Developments and market trends in Asia
Global | Publication | March 2016
Currently, open-ended investment funds may be established in Hong Kong as unit trusts, but not in corporate form due to restrictions on capital reduction under the Companies Ordinance (CO).
The Securities and Futures (Amendment) Bill 2016 (Bill), which was gazetted on January 15, 2016, seeks to amend the Securities and Futures Ordinance (SFO) to introduce an open-ended fund company (OFC) structure in Hong Kong. The Bill provides the framework and enabling provisions for the new OFC structure. Detailed operational and procedural matters will be set out in new subsidiary legislation under the SFO and will be supplemented by rules, codes and guidance to be issued by the Securities and Futures Commission (SFC). The Bill also provides for consequential incidental changes to other Ordinances.

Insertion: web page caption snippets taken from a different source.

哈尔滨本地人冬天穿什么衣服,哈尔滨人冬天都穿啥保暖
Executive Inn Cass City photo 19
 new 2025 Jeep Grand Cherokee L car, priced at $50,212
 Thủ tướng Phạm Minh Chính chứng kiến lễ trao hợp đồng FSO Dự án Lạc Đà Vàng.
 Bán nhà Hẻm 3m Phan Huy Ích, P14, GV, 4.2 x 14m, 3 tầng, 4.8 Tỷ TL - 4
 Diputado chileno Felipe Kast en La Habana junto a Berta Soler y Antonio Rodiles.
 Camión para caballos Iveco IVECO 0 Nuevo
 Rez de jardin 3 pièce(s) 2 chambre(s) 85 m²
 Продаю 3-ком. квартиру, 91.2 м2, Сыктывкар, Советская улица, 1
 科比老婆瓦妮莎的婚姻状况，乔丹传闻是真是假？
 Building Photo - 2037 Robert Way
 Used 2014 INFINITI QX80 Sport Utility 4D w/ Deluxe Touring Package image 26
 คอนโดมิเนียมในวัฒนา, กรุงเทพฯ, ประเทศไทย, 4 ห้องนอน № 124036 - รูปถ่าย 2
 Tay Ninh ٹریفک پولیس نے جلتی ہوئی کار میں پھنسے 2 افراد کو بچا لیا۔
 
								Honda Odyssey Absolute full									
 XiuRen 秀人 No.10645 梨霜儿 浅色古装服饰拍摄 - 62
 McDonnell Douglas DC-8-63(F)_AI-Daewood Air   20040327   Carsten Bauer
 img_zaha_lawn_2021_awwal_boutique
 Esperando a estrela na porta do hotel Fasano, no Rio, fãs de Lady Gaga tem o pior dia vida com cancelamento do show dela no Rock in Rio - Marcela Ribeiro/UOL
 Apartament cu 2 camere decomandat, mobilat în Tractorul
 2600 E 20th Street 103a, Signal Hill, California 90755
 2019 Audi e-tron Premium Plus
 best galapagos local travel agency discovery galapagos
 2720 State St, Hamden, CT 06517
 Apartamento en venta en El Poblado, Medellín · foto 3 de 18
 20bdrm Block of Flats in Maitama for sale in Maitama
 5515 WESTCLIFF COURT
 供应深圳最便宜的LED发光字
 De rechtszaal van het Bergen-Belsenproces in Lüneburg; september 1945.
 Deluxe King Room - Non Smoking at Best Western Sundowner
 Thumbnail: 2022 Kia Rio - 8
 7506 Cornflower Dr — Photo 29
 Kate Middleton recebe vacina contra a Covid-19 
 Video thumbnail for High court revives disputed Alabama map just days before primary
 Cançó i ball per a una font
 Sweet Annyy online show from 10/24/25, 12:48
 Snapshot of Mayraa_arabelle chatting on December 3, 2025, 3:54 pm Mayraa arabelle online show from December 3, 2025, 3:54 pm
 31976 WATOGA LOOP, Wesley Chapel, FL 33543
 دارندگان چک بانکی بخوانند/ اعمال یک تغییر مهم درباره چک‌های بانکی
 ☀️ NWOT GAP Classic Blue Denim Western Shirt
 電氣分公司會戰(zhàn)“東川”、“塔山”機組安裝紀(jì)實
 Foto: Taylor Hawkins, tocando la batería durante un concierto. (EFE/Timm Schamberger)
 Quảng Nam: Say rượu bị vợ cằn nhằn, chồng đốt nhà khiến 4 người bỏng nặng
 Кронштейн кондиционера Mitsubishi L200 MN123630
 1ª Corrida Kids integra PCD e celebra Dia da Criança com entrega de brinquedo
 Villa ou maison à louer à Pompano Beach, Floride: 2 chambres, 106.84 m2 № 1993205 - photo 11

A three-month public consultation on OFCs was held in 2014, the conclusions of which were published by the the Financial Services and the Treasury Bureau (FSTB) on the same day as the Bill (January 15, 2016). The FSTB noted that respondents to the consultation were generally supportive of the introduction of a Hong Kong OFC, with specific comments focussing on technical aspects.
The Bill, which aims to diversify the fund types available in Hong Kong, to expand the existing fund distribution network and to promote fund origination in Hong Kong, will be introduced at the Legislative Council meeting of January 27, 2016.
An OFC is an open-ended collective investment scheme set up in the form of a company, with limited liability and variable share capital, which will have flexibility not enjoyed by companies formed under the CO. Pursuant to the Bill, it will be possible to structure them using an umbrella fund structure so that there could be multiple separate sub-funds each of whose assets are managed in accordance with its own investment objectives and policies and are for the benefit only of that sub-fund rather than the umbrella fund or other sub-funds.
As investment vehicles, OFCs are not designed to engage in commercial trade and business. OFCs will not be bound by restrictions on the reduction of share capital which apply to ordinary companies so they will be able to vary their share capital to create and cancel shares in order to meet investor redemption requests. Nor will they be restricted from distributing out of share capital, subject to solvency and disclosure requirements. OFCs will also benefit from the disapplication of certain corporate filing requirements due to the nature of OFCs as investment funds, for example, simplified annual returns.
An OFC could be a publicly or privately-offered fund. The investment scope of privately-offered funds should align with that applicable to existing type 9 regulated activity (managing a portfolio of securities, futures contracts, real estate investment schemes and, in due course, over-the-counter derivatives) with a 10% exemption threshold for other asset classes. Publicly-offered funds will mainly be able to invest in securities, futures and over-the-counter derivatives (asset classes in accordance with the SFC’s product code requirements and authorisation conditions). If an OFC will be publicly-offered it will need to be SFC-authorised in the same way as other SFC-authorised products.
An OFC will not be required to be licensed as a licensed corporation under the SFO but will need to be registered with the SFC before it can be incorporated by the Companies Registry. It will also be required to delegate investment management to an investment manager approved by its board of directors and licensed by or registered with the SFC to carry out type 9 regulated activity (asset management).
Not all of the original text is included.